[Material supplied]

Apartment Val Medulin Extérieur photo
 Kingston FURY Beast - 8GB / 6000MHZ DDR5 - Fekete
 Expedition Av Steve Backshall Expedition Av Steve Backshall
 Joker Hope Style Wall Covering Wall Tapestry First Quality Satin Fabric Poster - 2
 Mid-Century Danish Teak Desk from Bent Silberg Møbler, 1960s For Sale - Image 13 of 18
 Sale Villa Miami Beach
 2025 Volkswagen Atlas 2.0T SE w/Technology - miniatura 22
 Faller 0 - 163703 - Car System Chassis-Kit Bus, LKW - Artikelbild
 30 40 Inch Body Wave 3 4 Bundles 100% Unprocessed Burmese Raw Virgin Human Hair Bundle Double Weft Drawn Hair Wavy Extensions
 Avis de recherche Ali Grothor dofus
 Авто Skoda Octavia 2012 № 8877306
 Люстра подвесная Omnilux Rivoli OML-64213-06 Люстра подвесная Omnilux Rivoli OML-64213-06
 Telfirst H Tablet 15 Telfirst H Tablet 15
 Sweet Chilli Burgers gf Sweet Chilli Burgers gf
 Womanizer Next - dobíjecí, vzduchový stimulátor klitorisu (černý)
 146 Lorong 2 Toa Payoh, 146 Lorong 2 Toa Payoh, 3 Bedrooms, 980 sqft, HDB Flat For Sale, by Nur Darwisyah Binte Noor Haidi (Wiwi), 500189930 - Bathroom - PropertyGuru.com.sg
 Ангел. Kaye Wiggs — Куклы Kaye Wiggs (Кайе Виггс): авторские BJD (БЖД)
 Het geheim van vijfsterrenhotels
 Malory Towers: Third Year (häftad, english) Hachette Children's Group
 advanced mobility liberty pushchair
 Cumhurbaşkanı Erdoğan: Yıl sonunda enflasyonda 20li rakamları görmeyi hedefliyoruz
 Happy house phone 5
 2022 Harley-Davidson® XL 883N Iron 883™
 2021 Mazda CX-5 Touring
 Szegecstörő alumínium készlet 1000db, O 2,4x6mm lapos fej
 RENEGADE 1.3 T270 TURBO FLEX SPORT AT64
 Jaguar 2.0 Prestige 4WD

[/Material supplied]

What you are asked to do:
Find the line containing "Malory Towers: Third" in the material above. Print it and every line after it through the end, exactly and only those.

Output of the task:
 Malory Towers: Third Year (häftad, english) Hachette Children's Group
 advanced mobility liberty pushchair
 Cumhurbaşkanı Erdoğan: Yıl sonunda enflasyonda 20li rakamları görmeyi hedefliyoruz
 Happy house phone 5
 2022 Harley-Davidson® XL 883N Iron 883™
 2021 Mazda CX-5 Touring
 Szegecstörő alumínium készlet 1000db, O 2,4x6mm lapos fej
 RENEGADE 1.3 T270 TURBO FLEX SPORT AT64
 Jaguar 2.0 Prestige 4WD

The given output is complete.